Después de toda una vida comprando el pan en la tienda de la esquina o charlando con el dependiente de los ultramarinos, muchos vecinos de Madrid se están encontrado a sus comercios de toda la vida con la persiana echada.

Cada día cierran dos tiendas de barrio en la región por la bajada del consumo. La Confederación de Pymes de Madrid (Copyme) cifra en 400 los establecimientos clausurados en los últimos seis meses. "No es más que la punta del iceberg, en tres meses va a colapsar si no se ponen soluciones_(inyección de dinero al comercio por parte de la Comunidad)", pide el presidente de Copyme, Salvador Bellido.

Se estima que en los últimos seis meses se han clausurado unos 400 establecimientos

La causa está en la caída de ventas: las tiendas madrileñas ingresan ahora un 7,1% menos que en abril, cuando la crisis era ya una realidad evidente. En los distritos y municipios de la periferia sur la situación es dramática: las ventas han bajado un 30%, según los comerciantes de la zona.

"Allí hay menos poder adquisitivo y las tiendas de barrio, más comunes en zonas obreras, están más expuestas y son más débiles", explica Bellido.

Sobre todo se está cebando con los comercios de artículos de hogar y electrodomésticos (venden un 15,8% menos), ya que cada vez hay menos casas nuevas que amueblar.
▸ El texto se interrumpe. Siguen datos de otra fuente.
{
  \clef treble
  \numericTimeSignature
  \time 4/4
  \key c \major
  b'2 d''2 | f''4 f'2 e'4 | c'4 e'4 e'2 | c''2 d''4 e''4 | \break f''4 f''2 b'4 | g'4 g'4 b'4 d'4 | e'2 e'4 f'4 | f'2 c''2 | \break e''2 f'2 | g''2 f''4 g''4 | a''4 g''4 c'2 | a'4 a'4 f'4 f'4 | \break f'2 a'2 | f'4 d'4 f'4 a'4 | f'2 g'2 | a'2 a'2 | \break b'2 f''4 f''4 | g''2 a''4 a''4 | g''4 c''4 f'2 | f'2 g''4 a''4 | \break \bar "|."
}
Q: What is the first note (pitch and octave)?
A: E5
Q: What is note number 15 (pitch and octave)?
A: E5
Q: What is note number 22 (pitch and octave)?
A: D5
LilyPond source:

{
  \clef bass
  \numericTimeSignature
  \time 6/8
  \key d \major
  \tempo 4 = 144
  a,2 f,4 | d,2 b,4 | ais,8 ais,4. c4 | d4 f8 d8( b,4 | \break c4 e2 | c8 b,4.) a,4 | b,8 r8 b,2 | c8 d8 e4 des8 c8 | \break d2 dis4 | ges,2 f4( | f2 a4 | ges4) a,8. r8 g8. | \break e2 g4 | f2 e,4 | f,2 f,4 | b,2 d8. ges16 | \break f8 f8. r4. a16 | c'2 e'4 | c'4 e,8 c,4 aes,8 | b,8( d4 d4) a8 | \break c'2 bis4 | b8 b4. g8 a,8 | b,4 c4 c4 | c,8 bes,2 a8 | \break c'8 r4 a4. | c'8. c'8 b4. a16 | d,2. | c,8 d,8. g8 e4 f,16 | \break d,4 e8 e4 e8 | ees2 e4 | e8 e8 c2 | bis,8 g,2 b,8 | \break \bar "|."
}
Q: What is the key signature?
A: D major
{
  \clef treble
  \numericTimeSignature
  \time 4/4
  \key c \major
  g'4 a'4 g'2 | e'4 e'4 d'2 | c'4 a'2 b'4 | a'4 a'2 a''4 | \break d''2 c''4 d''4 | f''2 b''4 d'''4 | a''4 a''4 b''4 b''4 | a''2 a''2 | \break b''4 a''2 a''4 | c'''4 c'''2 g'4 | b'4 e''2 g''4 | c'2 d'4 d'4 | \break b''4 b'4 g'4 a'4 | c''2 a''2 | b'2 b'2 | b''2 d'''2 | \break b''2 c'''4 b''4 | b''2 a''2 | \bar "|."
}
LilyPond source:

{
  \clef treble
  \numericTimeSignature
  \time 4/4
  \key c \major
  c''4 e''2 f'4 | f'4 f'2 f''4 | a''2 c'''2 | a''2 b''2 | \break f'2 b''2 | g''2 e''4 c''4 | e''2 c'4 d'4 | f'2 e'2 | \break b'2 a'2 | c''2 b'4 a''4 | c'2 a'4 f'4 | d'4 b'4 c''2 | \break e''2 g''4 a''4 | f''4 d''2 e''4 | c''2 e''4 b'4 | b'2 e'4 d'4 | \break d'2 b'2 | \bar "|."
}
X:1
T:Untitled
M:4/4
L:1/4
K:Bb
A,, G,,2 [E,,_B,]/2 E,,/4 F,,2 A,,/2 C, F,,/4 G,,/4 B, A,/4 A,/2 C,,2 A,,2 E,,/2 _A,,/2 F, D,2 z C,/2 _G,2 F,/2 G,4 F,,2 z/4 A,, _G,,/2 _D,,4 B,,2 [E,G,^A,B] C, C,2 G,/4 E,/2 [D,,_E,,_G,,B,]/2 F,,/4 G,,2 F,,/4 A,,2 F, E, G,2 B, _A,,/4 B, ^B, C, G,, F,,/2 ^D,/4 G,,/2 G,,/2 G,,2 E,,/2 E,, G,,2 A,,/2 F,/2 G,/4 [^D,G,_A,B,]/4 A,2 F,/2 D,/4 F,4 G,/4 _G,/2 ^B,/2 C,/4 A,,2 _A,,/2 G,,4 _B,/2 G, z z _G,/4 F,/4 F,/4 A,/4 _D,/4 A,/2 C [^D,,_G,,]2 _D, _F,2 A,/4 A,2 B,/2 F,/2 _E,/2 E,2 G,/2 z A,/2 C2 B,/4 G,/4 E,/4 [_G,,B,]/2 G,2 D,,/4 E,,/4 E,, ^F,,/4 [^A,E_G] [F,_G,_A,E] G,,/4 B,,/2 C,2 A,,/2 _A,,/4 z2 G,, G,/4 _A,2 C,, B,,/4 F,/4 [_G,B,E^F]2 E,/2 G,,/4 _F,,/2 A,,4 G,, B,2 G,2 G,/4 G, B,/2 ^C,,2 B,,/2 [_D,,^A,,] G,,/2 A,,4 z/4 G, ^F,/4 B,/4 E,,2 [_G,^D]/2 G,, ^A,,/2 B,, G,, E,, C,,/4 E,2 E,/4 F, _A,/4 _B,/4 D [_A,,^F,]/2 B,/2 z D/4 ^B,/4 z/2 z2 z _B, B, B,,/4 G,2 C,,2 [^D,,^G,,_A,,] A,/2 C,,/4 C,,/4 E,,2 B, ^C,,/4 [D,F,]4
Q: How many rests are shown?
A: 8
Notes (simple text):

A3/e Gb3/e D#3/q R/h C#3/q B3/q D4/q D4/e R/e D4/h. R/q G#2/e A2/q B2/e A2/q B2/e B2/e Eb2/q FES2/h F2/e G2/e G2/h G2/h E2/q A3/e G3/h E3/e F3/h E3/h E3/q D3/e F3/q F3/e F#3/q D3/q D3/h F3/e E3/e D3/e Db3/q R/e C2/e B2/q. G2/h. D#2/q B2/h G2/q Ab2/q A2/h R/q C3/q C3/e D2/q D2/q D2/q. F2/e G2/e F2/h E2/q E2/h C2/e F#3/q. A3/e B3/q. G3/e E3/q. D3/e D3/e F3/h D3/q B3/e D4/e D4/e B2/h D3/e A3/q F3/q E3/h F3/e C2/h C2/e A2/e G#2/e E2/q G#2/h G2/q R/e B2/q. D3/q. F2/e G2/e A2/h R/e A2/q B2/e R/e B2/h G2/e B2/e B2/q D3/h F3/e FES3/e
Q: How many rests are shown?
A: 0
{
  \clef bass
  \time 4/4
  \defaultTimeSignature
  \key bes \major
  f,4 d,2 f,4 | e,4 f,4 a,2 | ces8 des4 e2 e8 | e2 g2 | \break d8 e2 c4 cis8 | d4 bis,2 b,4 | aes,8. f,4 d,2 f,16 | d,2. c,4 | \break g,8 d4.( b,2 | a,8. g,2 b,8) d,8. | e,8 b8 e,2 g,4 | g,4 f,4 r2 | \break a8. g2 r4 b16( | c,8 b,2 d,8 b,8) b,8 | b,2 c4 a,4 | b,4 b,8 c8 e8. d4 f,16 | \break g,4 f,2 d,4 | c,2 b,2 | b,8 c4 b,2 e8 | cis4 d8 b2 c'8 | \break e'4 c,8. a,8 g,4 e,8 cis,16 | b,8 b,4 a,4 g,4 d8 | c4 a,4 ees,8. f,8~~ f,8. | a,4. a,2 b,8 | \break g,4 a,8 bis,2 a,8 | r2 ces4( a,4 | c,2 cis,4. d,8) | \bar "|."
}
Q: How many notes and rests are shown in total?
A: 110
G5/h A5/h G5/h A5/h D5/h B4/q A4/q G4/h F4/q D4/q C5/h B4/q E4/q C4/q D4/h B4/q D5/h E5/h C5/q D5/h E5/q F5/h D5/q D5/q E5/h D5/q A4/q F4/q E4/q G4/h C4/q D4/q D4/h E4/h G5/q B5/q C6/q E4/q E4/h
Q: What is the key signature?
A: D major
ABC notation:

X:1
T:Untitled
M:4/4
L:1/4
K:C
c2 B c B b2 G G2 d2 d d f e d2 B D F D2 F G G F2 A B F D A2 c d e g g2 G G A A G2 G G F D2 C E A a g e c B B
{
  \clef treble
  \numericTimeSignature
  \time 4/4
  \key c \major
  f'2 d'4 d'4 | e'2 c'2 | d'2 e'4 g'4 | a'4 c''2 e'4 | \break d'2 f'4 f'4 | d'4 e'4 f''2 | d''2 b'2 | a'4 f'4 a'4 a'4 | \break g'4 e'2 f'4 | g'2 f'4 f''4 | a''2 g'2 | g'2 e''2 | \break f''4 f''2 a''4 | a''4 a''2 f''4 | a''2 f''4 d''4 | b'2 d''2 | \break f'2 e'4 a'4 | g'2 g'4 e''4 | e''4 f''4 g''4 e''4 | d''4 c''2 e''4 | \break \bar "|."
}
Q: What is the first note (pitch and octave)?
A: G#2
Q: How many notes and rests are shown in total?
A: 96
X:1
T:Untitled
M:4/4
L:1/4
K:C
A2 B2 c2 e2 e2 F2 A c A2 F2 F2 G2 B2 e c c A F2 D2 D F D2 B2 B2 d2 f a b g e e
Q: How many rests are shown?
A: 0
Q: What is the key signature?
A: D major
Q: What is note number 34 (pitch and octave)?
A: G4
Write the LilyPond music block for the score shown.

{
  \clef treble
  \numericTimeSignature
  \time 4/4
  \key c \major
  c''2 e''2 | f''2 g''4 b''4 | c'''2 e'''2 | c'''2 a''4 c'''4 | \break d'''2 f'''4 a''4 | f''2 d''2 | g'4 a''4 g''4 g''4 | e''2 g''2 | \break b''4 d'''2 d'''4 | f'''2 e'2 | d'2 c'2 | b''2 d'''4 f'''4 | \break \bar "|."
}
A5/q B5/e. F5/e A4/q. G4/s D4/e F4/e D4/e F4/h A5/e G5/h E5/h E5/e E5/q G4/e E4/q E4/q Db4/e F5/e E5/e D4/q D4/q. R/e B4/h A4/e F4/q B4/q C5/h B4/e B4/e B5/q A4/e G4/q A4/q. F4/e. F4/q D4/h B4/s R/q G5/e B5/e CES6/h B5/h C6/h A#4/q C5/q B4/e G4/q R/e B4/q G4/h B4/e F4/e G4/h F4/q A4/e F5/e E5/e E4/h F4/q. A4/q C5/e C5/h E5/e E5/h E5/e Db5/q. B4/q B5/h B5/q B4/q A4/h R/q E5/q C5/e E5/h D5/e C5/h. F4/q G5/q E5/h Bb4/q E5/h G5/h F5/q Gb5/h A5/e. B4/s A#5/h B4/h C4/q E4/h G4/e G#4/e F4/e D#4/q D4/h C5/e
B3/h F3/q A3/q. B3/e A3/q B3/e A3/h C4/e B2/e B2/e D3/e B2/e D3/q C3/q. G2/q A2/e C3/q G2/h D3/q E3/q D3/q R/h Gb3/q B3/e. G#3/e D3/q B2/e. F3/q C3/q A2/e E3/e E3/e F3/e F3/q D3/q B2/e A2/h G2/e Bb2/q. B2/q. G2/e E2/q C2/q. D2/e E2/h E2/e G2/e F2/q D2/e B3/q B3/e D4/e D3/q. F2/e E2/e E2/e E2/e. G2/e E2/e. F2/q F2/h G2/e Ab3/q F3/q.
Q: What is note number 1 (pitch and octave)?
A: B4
La alimentación también se resiente (un 3,8% de caída) por el aumento de precios y la compra de productos más baratos.

Este "hundimiento" del comercio se traduce en 1.600 dependientes que han quedado en paro, "sobre todo inmigrantes y jóvenes, que son baratos de despedir", dicen desde CC OO. "Ni siquiera hay contrataciones", advierten.